Saved entries:
········
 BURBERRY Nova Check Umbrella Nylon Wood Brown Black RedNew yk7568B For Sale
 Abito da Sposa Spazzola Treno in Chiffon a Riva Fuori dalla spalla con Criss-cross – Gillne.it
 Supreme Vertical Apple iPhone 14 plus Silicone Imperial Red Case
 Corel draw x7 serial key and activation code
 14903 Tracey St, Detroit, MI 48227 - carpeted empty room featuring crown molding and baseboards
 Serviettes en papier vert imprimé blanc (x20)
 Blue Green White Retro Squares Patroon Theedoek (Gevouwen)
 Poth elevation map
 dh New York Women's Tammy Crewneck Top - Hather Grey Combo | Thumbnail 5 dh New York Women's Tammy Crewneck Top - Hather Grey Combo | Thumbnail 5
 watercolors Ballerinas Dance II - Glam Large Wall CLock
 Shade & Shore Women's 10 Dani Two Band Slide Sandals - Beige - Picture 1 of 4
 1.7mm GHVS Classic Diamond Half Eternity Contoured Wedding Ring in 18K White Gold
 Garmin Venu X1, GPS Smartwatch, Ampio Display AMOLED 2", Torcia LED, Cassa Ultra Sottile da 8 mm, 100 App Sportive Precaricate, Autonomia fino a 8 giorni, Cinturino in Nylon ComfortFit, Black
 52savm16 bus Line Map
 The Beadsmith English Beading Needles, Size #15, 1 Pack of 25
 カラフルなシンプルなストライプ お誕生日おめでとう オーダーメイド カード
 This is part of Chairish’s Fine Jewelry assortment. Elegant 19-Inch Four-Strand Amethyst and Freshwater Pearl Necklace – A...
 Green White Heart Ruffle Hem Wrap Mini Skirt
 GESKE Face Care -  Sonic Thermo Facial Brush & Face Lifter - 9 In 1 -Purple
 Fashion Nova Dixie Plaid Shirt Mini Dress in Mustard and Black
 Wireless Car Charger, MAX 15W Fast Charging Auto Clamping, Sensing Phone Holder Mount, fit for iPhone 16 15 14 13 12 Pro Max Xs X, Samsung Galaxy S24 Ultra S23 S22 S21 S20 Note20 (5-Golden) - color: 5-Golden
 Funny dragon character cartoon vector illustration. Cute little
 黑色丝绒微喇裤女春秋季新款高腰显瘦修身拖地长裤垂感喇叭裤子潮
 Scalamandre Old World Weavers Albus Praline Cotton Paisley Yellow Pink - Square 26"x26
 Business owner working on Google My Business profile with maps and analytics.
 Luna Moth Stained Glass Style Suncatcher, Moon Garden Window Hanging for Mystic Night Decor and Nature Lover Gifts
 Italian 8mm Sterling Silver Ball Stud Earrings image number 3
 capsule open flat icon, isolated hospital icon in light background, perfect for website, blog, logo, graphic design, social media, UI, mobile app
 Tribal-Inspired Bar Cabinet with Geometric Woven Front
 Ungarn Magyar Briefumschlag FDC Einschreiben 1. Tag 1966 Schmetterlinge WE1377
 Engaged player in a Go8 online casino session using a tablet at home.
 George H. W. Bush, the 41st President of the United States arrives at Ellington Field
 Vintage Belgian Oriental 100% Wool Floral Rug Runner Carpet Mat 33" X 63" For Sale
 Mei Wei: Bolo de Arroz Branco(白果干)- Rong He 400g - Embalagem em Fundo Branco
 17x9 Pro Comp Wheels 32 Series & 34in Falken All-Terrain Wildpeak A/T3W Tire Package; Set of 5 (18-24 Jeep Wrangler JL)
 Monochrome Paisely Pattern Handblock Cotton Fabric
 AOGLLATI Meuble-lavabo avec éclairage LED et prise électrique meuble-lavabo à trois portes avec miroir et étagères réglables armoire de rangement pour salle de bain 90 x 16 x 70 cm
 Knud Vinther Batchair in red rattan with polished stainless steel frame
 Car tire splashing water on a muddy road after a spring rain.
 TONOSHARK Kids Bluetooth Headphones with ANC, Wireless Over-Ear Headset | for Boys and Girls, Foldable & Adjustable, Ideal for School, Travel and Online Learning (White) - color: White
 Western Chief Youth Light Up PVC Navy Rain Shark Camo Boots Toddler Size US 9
········
Could you copy every line in the records that holds "Green"?

### Result of this exercise
 Blue Green White Retro Squares Patroon Theedoek (Gevouwen)
 Green White Heart Ruffle Hem Wrap Mini Skirt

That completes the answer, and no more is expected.